[ASSIGNMENT] What you produce should be an exact transcription of the data, minus any pictures.

[RECORDED INFORMATION]
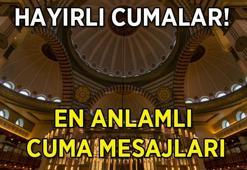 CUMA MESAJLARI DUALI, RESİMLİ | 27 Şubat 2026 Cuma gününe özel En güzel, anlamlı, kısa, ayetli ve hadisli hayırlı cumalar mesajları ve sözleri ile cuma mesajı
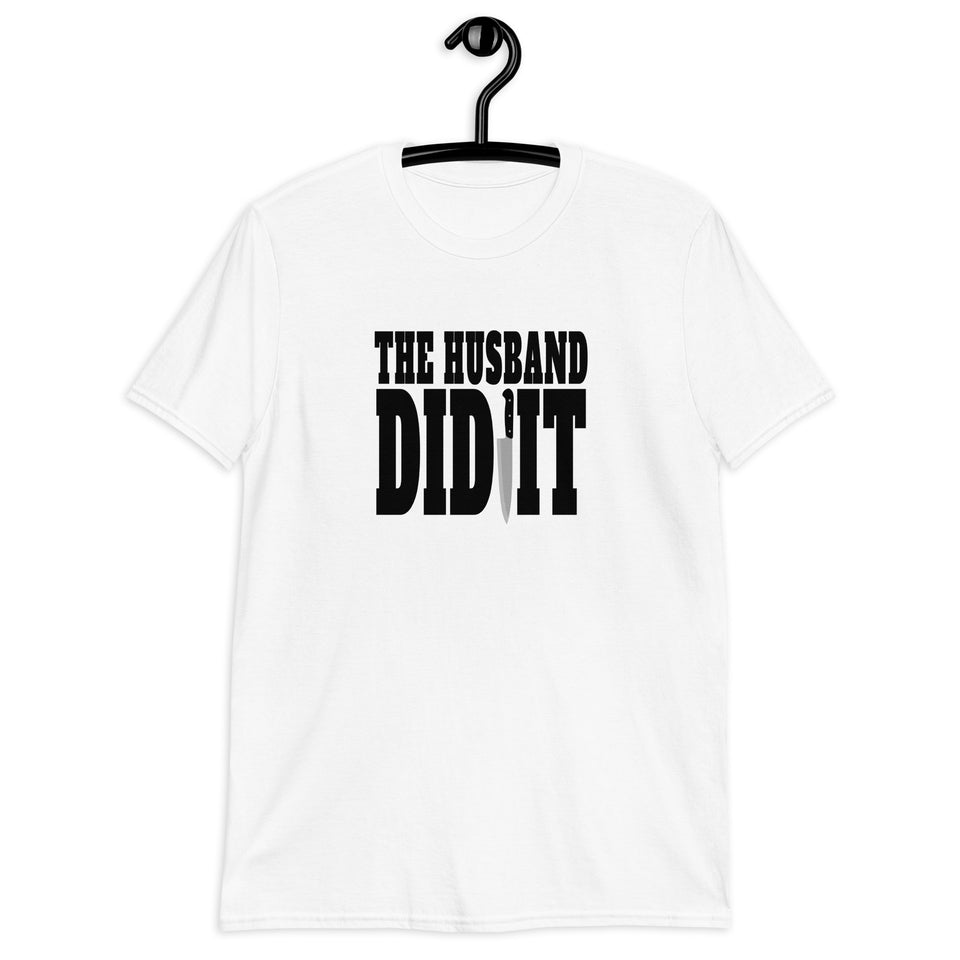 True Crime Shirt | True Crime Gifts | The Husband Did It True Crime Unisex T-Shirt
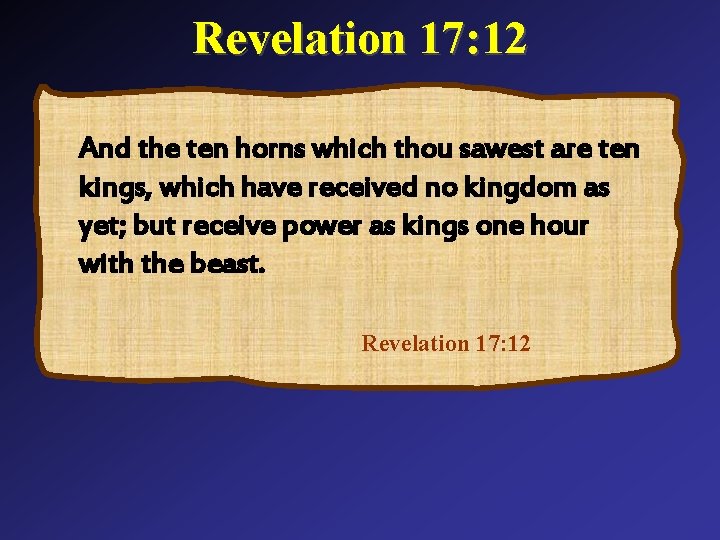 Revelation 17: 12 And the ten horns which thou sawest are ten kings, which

[TASK SOLUTION]
 CUMA MESAJLARI DUALI, RESİMLİ | 27 Şubat 2026 Cuma gününe özel En güzel, anlamlı, kısa, ayetli ve hadisli hayırlı cumalar mesajları ve sözleri ile cuma mesajı
 True Crime Shirt | True Crime Gifts | The Husband Did It True Crime Unisex T-Shirt
 Revelation 17: 12 And the ten horns which thou sawest are ten kings, which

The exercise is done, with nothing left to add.